# What are your politics?



## TSKA Rory Matier (May 27, 2007)

What are your politics? 

Or what are your views on the politics surrounding the animals you keep and maintain?

I was asked what mine were the other day, l did have to think.

What do l believe in?

Well l believe in the rights that people, in our case, exotic captive carers, have in so far as the keeping of animals within their collections. Furthermore l believe that as long as there is regulation, licensing, legislation, control, enforcement when required that no keeper should be denied their rights to be able to own exotic species.

If animals are maintained under this kind of legislation, and that there is responsibility being displayed in the ownership to all degrees then there can be no reason for those concerned to not be allowed to keep what they wish to keep as long as it is not illegal to do so.

To ensure the continuation of this passion for many people l do believe that they have the right, to know of all that is surrounding this industry, they have the right to say yay or nay to whether they are involved in the political agenda. 

But l also strongly hold onto the belief that they must not shy away from their responsibilities as voters to the government who in turn must allow the voters to exercise their rights of belief. 

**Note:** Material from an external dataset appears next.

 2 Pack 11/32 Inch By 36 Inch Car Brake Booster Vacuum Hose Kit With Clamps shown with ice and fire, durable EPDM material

But in so doing – these very same voters must ensure that they are receiving fair trial from those in power, and when it starts to appear that this may not be the case – then they must voice their opinions to those whom can make a difference.

So, what are your views on the politics of today that is concerned and centred to the keeping of your animals?

Rory Matier PKA


----------



## HABU (Mar 21, 2007)

i'm a liberal.... i'm fiscally conservative but liberal socially. i am a strong believer in states rights and fiercely protective of one's individual liberties and rights. i don't like government interfering with things unless it's to do some good. i feel that laws are no replacement for personal responsibilities. 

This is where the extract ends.